YOUR ASSIGNMENT: Your copy must hold all of the data below, unchanged and without images.

RAW DATA:

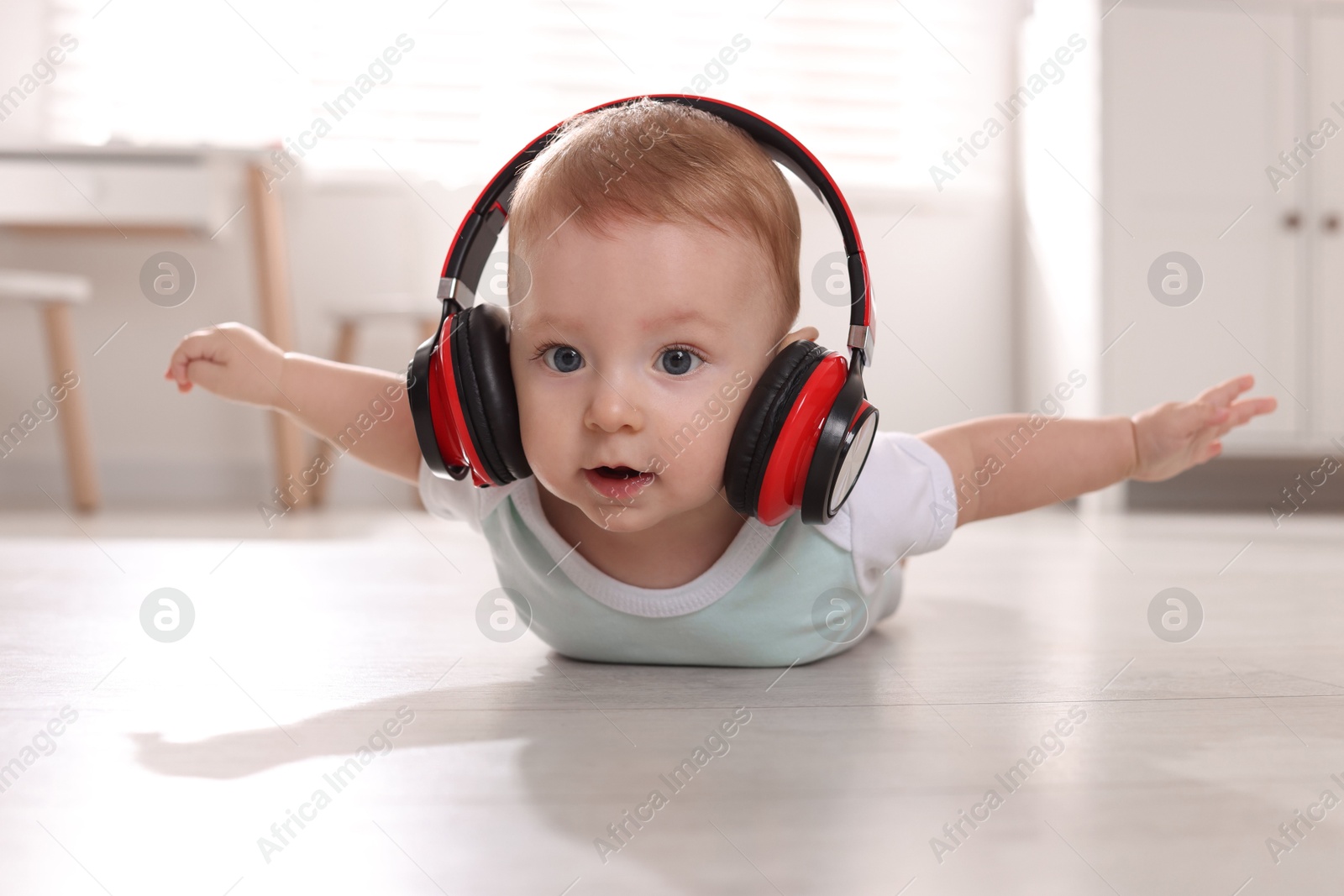 Photo of Cute little baby with headphones on floor at home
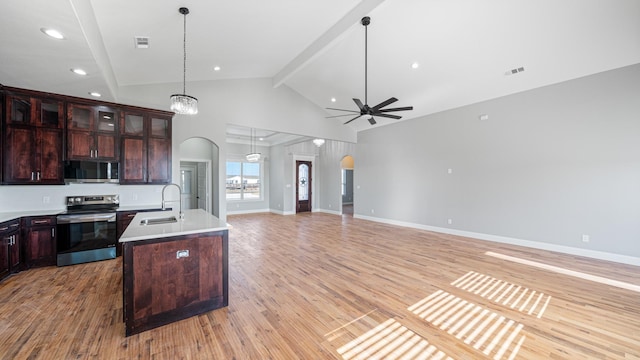 kitchen featuring stainless steel appliances, sink, a center island with sink, and light hardwood / wood-style flooring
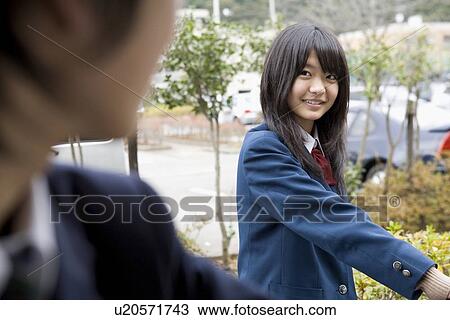 Stock Image - Teenage girl smiling. Fotosearch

OUTPUT OF THE EXERCISE:
 Photo of Cute little baby with headphones on floor at home
 kitchen featuring stainless steel appliances, sink, a center island with sink, and light hardwood / wood-style flooring
 Stock Image - Teenage girl smiling. Fotosearch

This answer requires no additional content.